>>
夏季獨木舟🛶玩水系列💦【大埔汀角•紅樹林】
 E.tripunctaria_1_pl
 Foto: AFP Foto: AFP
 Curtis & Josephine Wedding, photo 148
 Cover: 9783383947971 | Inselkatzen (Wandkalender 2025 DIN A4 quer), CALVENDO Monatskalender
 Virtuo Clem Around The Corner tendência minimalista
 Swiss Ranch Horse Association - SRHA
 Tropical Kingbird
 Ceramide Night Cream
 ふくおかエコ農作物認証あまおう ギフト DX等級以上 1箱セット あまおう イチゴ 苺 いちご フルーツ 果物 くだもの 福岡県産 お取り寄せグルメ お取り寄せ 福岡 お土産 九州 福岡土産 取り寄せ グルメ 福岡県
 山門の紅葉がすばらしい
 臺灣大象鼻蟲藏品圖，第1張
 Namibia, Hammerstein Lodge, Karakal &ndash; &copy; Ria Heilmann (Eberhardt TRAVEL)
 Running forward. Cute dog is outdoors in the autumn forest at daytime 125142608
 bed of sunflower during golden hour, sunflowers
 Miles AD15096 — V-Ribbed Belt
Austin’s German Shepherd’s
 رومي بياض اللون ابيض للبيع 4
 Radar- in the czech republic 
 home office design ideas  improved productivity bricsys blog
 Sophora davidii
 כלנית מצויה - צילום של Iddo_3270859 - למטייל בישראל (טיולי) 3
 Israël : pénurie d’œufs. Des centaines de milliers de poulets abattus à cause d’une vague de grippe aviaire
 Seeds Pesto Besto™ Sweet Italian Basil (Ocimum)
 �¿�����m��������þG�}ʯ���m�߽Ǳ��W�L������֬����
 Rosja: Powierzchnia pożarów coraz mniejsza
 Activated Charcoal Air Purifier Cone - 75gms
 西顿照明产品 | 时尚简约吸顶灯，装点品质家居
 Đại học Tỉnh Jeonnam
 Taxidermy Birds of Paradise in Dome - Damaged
<<
Copy each entry exactly, with nothing added or dropped.

→ Solution for this task:
夏季獨木舟🛶玩水系列💦【大埔汀角•紅樹林】
 E.tripunctaria_1_pl
 Foto: AFP Foto: AFP
 Curtis & Josephine Wedding, photo 148
 Cover: 9783383947971 | Inselkatzen (Wandkalender 2025 DIN A4 quer), CALVENDO Monatskalender
 Virtuo Clem Around The Corner tendência minimalista
 Swiss Ranch Horse Association - SRHA
 Tropical Kingbird
 Ceramide Night Cream
 ふくおかエコ農作物認証あまおう ギフト DX等級以上 1箱セット あまおう イチゴ 苺 いちご フルーツ 果物 くだもの 福岡県産 お取り寄せグルメ お取り寄せ 福岡 お土産 九州 福岡土産 取り寄せ グルメ 福岡県
 山門の紅葉がすばらしい
 臺灣大象鼻蟲藏品圖，第1張
 Namibia, Hammerstein Lodge, Karakal &ndash; &copy; Ria Heilmann (Eberhardt TRAVEL)
 Running forward. Cute dog is outdoors in the autumn forest at daytime 125142608
 bed of sunflower during golden hour, sunflowers
 Miles AD15096 — V-Ribbed Belt
Austin’s German Shepherd’s
 رومي بياض اللون ابيض للبيع 4
 Radar- in the czech republic 
 home office design ideas  improved productivity bricsys blog
 Sophora davidii
 כלנית מצויה - צילום של Iddo_3270859 - למטייל בישראל (טיולי) 3
 Israël : pénurie d’œufs. Des centaines de milliers de poulets abattus à cause d’une vague de grippe aviaire
 Seeds Pesto Besto™ Sweet Italian Basil (Ocimum)
 �¿�����m��������þG�}ʯ���m�߽Ǳ��W�L������֬����
 Rosja: Powierzchnia pożarów coraz mniejsza
 Activated Charcoal Air Purifier Cone - 75gms
 西顿照明产品 | 时尚简约吸顶灯，装点品质家居
 Đại học Tỉnh Jeonnam
 Taxidermy Birds of Paradise in Dome - Damaged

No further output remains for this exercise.